**Exercise requirements**
Each entry that follows is to be duplicated exactly, without its images.

**Information shown**
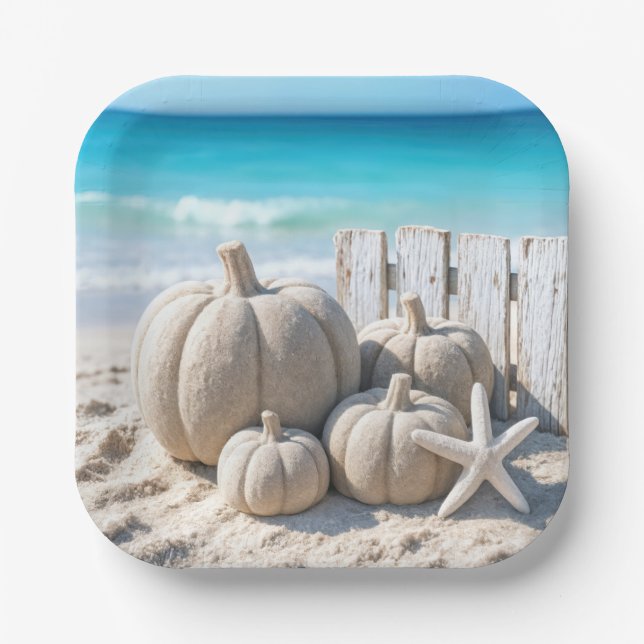 Assiettes En Carton Thanksgiving Beach Sand Pumpkins and Starfish (Recto)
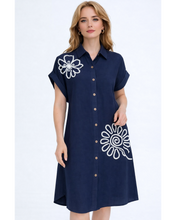 Load image into Gallery viewer, Flower embroidered shirt dress
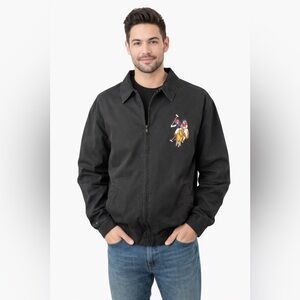US Polo Assn Lined Jacket Black BIG PONY Men’s Size XXL Full Zipper Pock…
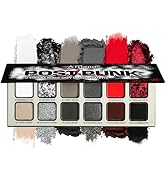 Black Grey Red Eyeshadow Palette Goth Makeup, Cold Silver & Smokey Eye Shadow Compact Metallic & ...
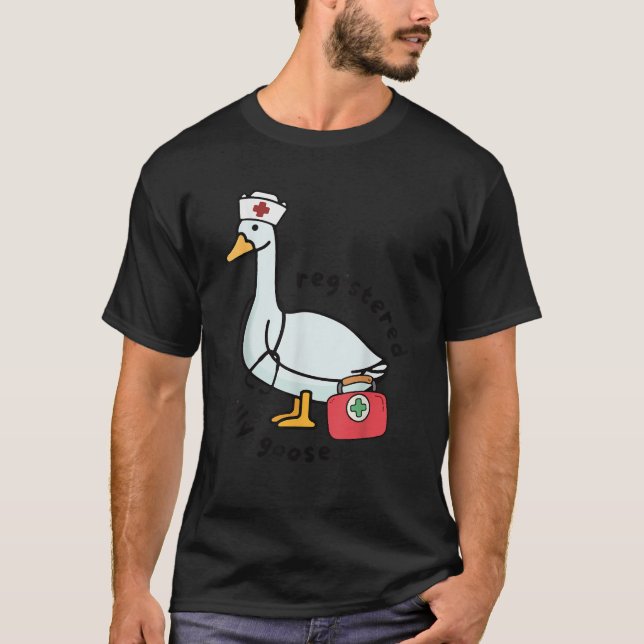 Registered Silly Goose Nurse Stethoscope Nursing F T-Shirt (Front)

**Task solution**
 Assiettes En Carton Thanksgiving Beach Sand Pumpkins and Starfish (Recto)
 Load image into Gallery viewer, Flower embroidered shirt dress
US Polo Assn Lined Jacket Black BIG PONY Men’s Size XXL Full Zipper Pock…
 Black Grey Red Eyeshadow Palette Goth Makeup, Cold Silver & Smokey Eye Shadow Compact Metallic & ...
 Registered Silly Goose Nurse Stethoscope Nursing F T-Shirt (Front)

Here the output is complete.